### Task item
Your answer should be the lines below from the one holding "papyrus, image 1/3" through the one holding "春節賞花 情人節放閃 不能錯過成美河濱花海", copied exactly and with nothing else.

### Data
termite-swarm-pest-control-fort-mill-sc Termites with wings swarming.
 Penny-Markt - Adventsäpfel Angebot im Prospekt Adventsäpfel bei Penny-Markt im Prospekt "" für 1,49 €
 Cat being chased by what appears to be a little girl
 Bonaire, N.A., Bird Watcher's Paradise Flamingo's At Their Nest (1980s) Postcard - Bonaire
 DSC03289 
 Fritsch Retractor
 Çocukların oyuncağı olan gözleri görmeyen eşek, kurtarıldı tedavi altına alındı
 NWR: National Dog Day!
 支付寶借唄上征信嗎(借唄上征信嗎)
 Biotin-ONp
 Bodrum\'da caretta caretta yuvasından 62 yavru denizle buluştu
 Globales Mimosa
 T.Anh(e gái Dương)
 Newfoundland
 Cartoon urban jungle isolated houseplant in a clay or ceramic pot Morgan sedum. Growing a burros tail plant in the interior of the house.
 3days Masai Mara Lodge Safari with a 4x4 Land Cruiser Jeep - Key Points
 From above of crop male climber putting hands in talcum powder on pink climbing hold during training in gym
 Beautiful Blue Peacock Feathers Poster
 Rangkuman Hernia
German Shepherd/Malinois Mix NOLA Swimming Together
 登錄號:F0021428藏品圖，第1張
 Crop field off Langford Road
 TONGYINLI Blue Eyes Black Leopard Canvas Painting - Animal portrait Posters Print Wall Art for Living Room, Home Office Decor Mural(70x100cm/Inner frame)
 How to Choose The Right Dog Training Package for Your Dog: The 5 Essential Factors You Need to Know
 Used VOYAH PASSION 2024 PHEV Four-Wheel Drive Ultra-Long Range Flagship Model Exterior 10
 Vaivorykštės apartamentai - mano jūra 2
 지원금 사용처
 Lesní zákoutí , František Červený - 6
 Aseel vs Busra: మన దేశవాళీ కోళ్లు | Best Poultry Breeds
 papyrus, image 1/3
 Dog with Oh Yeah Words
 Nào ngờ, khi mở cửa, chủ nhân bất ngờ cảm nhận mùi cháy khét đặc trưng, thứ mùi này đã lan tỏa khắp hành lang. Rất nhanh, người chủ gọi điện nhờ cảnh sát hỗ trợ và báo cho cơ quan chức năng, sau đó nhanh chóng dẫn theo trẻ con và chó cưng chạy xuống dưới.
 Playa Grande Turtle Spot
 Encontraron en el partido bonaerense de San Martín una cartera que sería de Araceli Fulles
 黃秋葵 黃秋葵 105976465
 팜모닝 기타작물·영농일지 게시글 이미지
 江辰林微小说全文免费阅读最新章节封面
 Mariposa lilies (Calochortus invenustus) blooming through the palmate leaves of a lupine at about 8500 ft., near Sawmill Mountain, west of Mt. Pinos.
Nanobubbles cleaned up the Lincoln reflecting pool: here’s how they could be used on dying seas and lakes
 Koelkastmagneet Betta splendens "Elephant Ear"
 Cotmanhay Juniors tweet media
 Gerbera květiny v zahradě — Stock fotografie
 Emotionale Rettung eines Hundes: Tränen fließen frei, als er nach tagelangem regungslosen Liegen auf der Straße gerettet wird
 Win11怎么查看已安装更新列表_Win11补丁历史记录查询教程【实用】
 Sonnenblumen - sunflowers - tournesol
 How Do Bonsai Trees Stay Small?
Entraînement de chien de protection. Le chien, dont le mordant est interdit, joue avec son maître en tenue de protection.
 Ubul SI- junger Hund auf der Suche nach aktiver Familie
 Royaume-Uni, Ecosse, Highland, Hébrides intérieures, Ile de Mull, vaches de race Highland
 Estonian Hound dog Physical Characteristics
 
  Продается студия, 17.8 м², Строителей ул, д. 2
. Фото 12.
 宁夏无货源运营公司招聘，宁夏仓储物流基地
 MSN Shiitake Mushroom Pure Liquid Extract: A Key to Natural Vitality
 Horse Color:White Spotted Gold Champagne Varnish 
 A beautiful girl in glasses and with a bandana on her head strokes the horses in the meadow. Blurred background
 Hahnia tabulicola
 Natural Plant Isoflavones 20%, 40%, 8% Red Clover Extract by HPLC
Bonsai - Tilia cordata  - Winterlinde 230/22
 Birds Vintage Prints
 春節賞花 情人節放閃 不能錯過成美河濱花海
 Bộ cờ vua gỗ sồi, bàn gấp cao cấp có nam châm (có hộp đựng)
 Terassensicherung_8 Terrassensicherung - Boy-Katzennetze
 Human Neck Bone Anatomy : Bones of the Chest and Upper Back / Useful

### Response
 papyrus, image 1/3
 Dog with Oh Yeah Words
 Nào ngờ, khi mở cửa, chủ nhân bất ngờ cảm nhận mùi cháy khét đặc trưng, thứ mùi này đã lan tỏa khắp hành lang. Rất nhanh, người chủ gọi điện nhờ cảnh sát hỗ trợ và báo cho cơ quan chức năng, sau đó nhanh chóng dẫn theo trẻ con và chó cưng chạy xuống dưới.
 Playa Grande Turtle Spot
 Encontraron en el partido bonaerense de San Martín una cartera que sería de Araceli Fulles
 黃秋葵 黃秋葵 105976465
 팜모닝 기타작물·영농일지 게시글 이미지
 江辰林微小说全文免费阅读最新章节封面
 Mariposa lilies (Calochortus invenustus) blooming through the palmate leaves of a lupine at about 8500 ft., near Sawmill Mountain, west of Mt. Pinos.
Nanobubbles cleaned up the Lincoln reflecting pool: here’s how they could be used on dying seas and lakes
 Koelkastmagneet Betta splendens "Elephant Ear"
 Cotmanhay Juniors tweet media
 Gerbera květiny v zahradě — Stock fotografie
 Emotionale Rettung eines Hundes: Tränen fließen frei, als er nach tagelangem regungslosen Liegen auf der Straße gerettet wird
 Win11怎么查看已安装更新列表_Win11补丁历史记录查询教程【实用】
 Sonnenblumen - sunflowers - tournesol
 How Do Bonsai Trees Stay Small?
Entraînement de chien de protection. Le chien, dont le mordant est interdit, joue avec son maître en tenue de protection.
 Ubul SI- junger Hund auf der Suche nach aktiver Familie
 Royaume-Uni, Ecosse, Highland, Hébrides intérieures, Ile de Mull, vaches de race Highland
 Estonian Hound dog Physical Characteristics
 
  Продается студия, 17.8 м², Строителей ул, д. 2
. Фото 12.
 宁夏无货源运营公司招聘，宁夏仓储物流基地
 MSN Shiitake Mushroom Pure Liquid Extract: A Key to Natural Vitality
 Horse Color:White Spotted Gold Champagne Varnish 
 A beautiful girl in glasses and with a bandana on her head strokes the horses in the meadow. Blurred background
 Hahnia tabulicola
 Natural Plant Isoflavones 20%, 40%, 8% Red Clover Extract by HPLC
Bonsai - Tilia cordata  - Winterlinde 230/22
 Birds Vintage Prints
 春節賞花 情人節放閃 不能錯過成美河濱花海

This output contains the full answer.